On the tradition of snapping goal posts, The New York Times' Bill Pennington tells the story of Meg Cimino, who in 1983, when she was an 18-year-old college freshman, was struck by steel goal posts felled by celebrating football fans. He writes that the posts fractured her skull and damaged her brain stem and cerebellum. When paramedics found her, he writes, she "was bleeding heavily from her mouth, ears and nose, and her heart soon stopped.
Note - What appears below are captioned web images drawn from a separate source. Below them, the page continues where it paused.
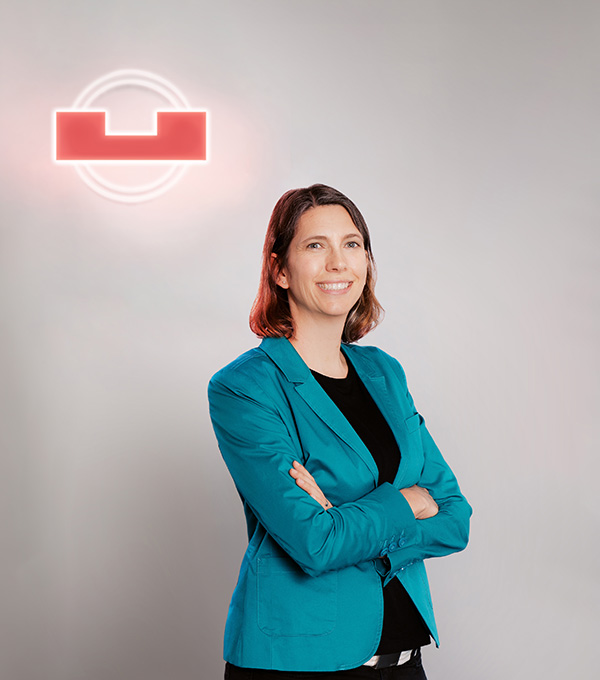 Frau Julia Maier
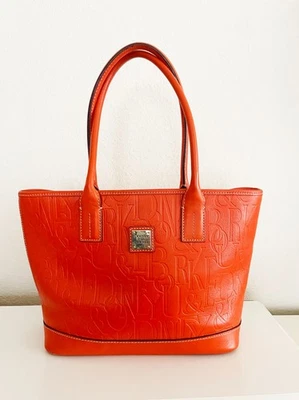 Bolso de Mano Dooney & Bourke Monograma Doble Asa Correa Naranja Foto 1 de 4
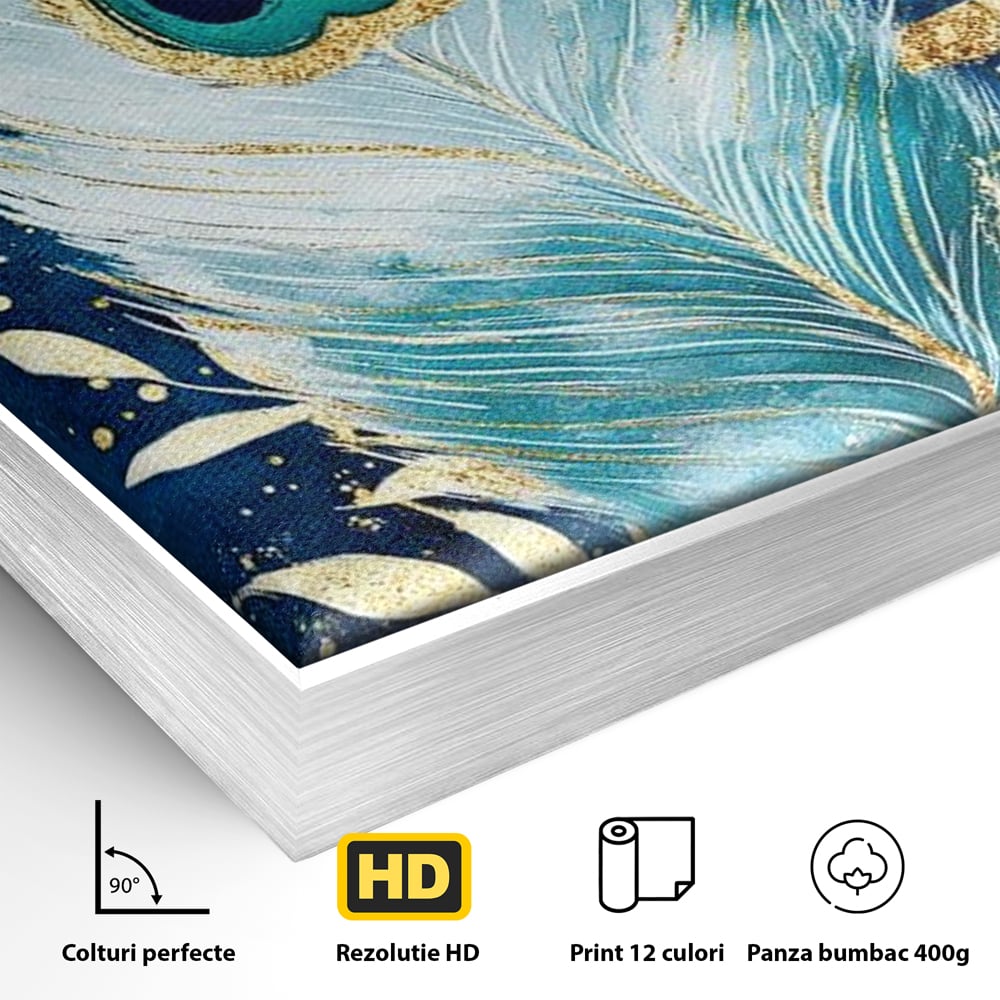 Detaliu al suprafetei: tablou canvas cu pana de paun, in rama de aluminiu argintiu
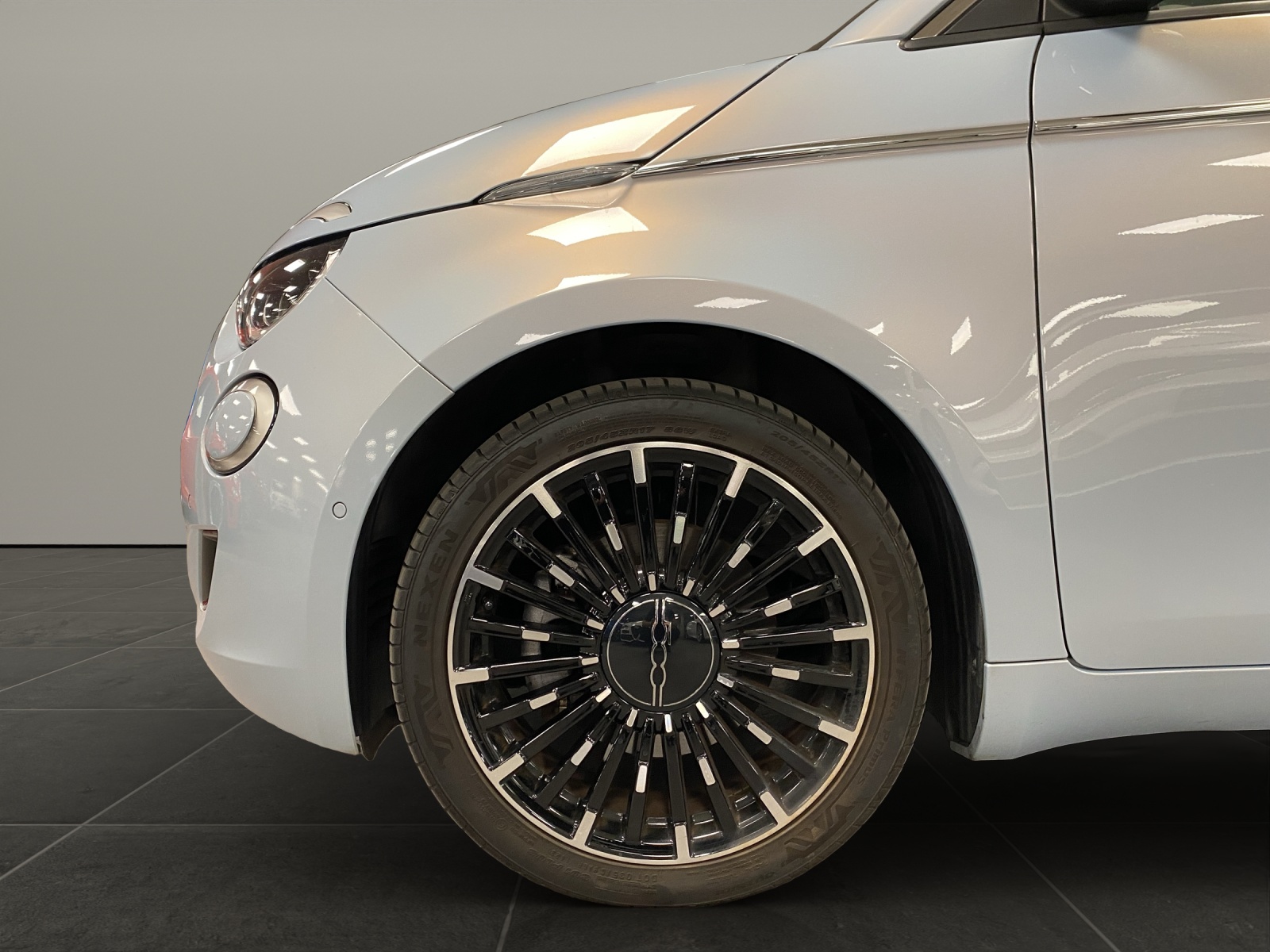FIAT 500 electric 3+1 La Prima-image-6
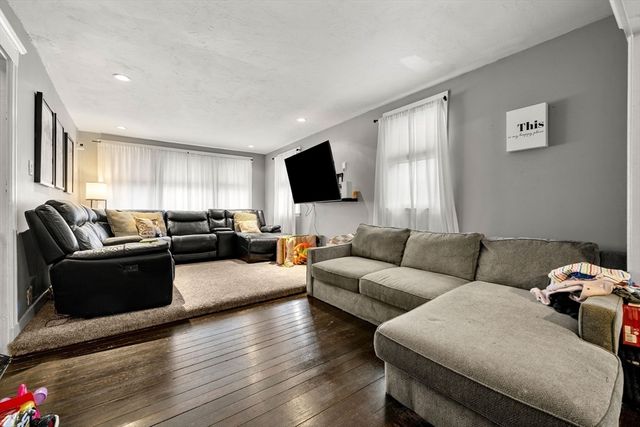 275 Lynnfield St 275, Lynn, MA 01904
She had no vital signs." Now, nearly two decades later, when Ms Cimino sees crowds surging onto the field after games she wonders what the reasons are for letting this behavior go on.
Pennington explains how the tradition of toppling goal posts got started and how circumstances have changed such that "There are no good reasons for letting it go on." He writes, "It is time to do whatever it takes — educating fans, providing extraordinary security or simply greasing the goal posts — to bring a permanent halt to this hazardous ritual." For more on this tragic story, see "In the Snap of a Goal Post, Life Can Be Forever Altered," Bill Pennington, The New York Times, November 26, 2002.
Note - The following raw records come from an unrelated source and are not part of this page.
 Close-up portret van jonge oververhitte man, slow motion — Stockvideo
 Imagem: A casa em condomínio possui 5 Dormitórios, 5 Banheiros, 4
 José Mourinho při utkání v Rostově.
On violence in professional football, sports columnist Sally Jenkins gives us her take on who is accountable for drawing the line between toughness and violence, between a hard collision and a needlessly violent one, between a disciplined tackle and a cheap shot, an accidental helmet hit and a malicious one, discretionary force to send a message and sheer sadism. She says the NFL can try to regulate football violence, it probably can't realistically legislate it. She thinks "[t]he violence level is more realistically established and controlled by the participants, between themselves." Given that players have a choice as to how they play the game, she writes, "… violence is as much a matter of a player's choices as it is of the rules. To say otherwise is to suggest he's not entirely in command of himself." See "NFL Violence: It's a Matter Of Choice, Not Just the Rules," Sally Jenkins, The Washington Post, December 1, 2002; Page D05.
On the NFL's approach to regulating on-field violence, sports commentator Ron Borges writes, "The suits who run pro football show their hypocrisy more and more every week. They fine players for legal as well as illegal body contact. They issue manicured press releases abhorring violence, then sell it every Sunday and in every video game store in America." He says the NFL is teaching and selling violence and that if it really wanted to reduce the violence on the field, they know how to do it. "It's by going after the coaches and the management of teams that teach the 'put a hat on 'em' mentality. Until they do that, they're attacking the victims, not the problem." See "NFL is hypocritical about violence," Ron Borges, MSNBC.com, November 20, 2002.